The president, in 2017, said that there was a conspiracy between the Liberal Party and the Communist Party of the Philippines to remove him from power.

"What is really very clear is ‘yung Left, pati ang kaalyado ng Left… ‘yung mga dilaw. Gusto nila ako paalisin dito sa Malacañang (even the Left, the ally of the Left is the yellows. They want me out of Malacañang)," he said then.

He said that same year that jeepney drivers striking against a government plan to replace their units with modern ones and other activist groups are part of  "one big conspiracy but they are at the same time—all of them—are committing right now rebellion." 

‘From smear campaigns to physical attacks’

Karapatan, in a statement Tuesday, said that red-tagging is “harmful and patently dangerous” as it translates into extrajudicial killings, disappearances, illegal or arbitrary arrests, detention, fake or forced surrenders and other human rights

In a communication sent to the Philippine government in September, United Nations independent experts expressed concern over the killings of urban poor activist Carlito Badion in May and human rights worker Zara Alvarez in August. Both were red-tagged before they were killed.

“The killing of human rights defenders often follows a pattern of escalating threats. In a large number of cases, these can be witnessed beginning with smear and defamation campaigns, both offline and online, fueled by hate speech undermining the crucial human rights work that defenders carry out,” the UN experts said.

“This stigmatization subsequently grows, and with its growth human rights defenders become exposed, to an ever more serious degree, to physical attacks,” they added.

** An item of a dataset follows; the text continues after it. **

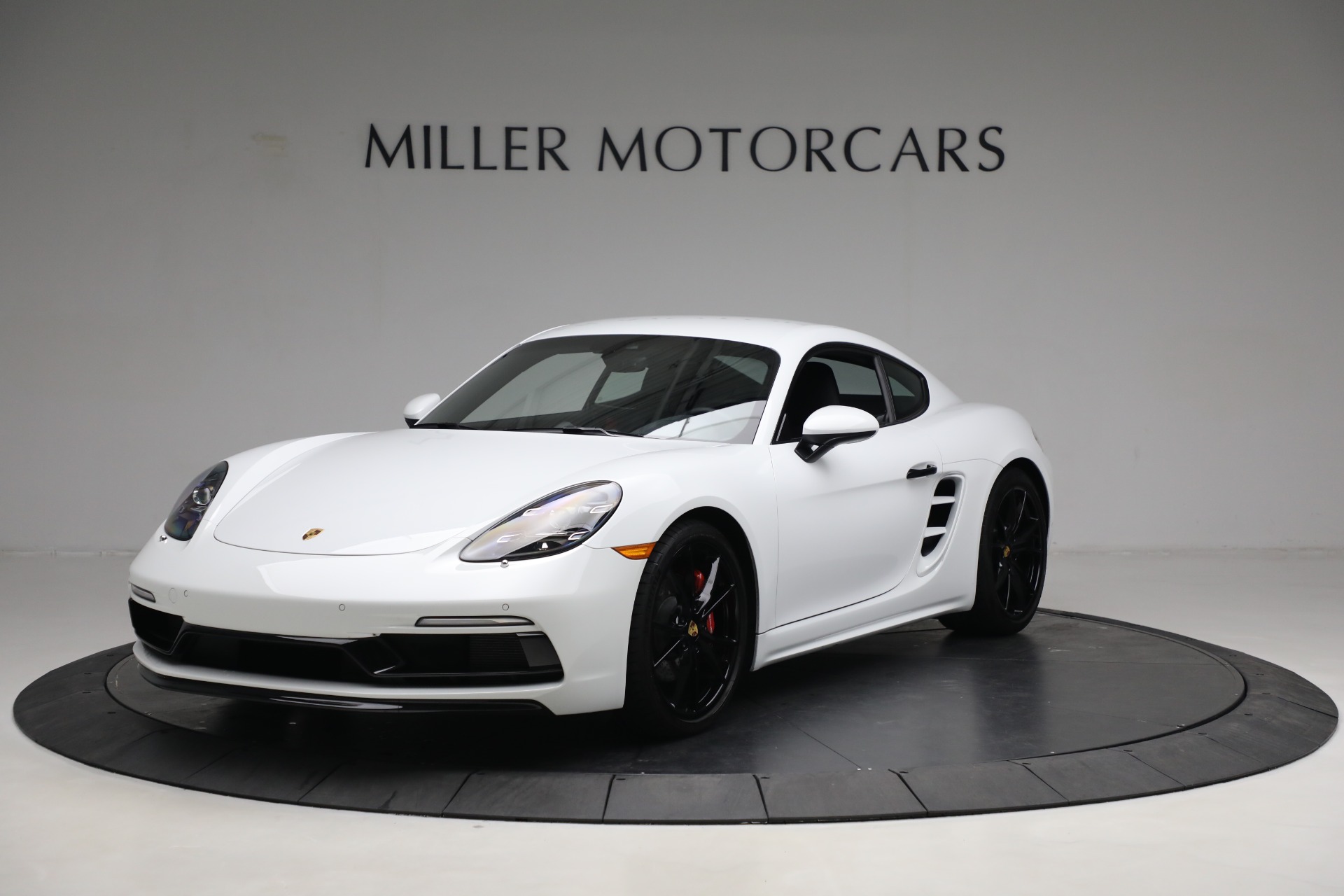 Used 2022 Porsche 718 Cayman S for sale $91,900 at McLaren Greenwich in Greenwich CT 06830 1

The UN special rapporteurs included Mary Lawlor (situation of human rights defenders), Agnes Callamard (extrajudicial, summary or arbitrary executions), Balakrishnan Rajagopal (adequate housing) and Elizabeth Broderick (working group on discrimination against women and girls).

Karapatan said such forms of repression and attacks against dissenters should stop.

“These do not only lead to a worse climate of impunity in the country: these acts of State terrorism also seek to cover-up the administration’s incompetence, negligence and irresponsible governance that has failed to address poverty, landlessness, joblessness, among many other root causes of the armed conflict in the country,” it said.

Duterte’s remarks against activist groups come in the wake of the outrage prompted by the photograph of soldiers who posed with the dead body of Jevilyn Cullamat, the youngest daughter of Rep. Eufemia Cullamat (Bayan Muna) who was killed in an encounter with government troops.

The Senate is also conducting a hearing on the government’s red-tagging, a practice that the security sector prefers to call "truth tagging."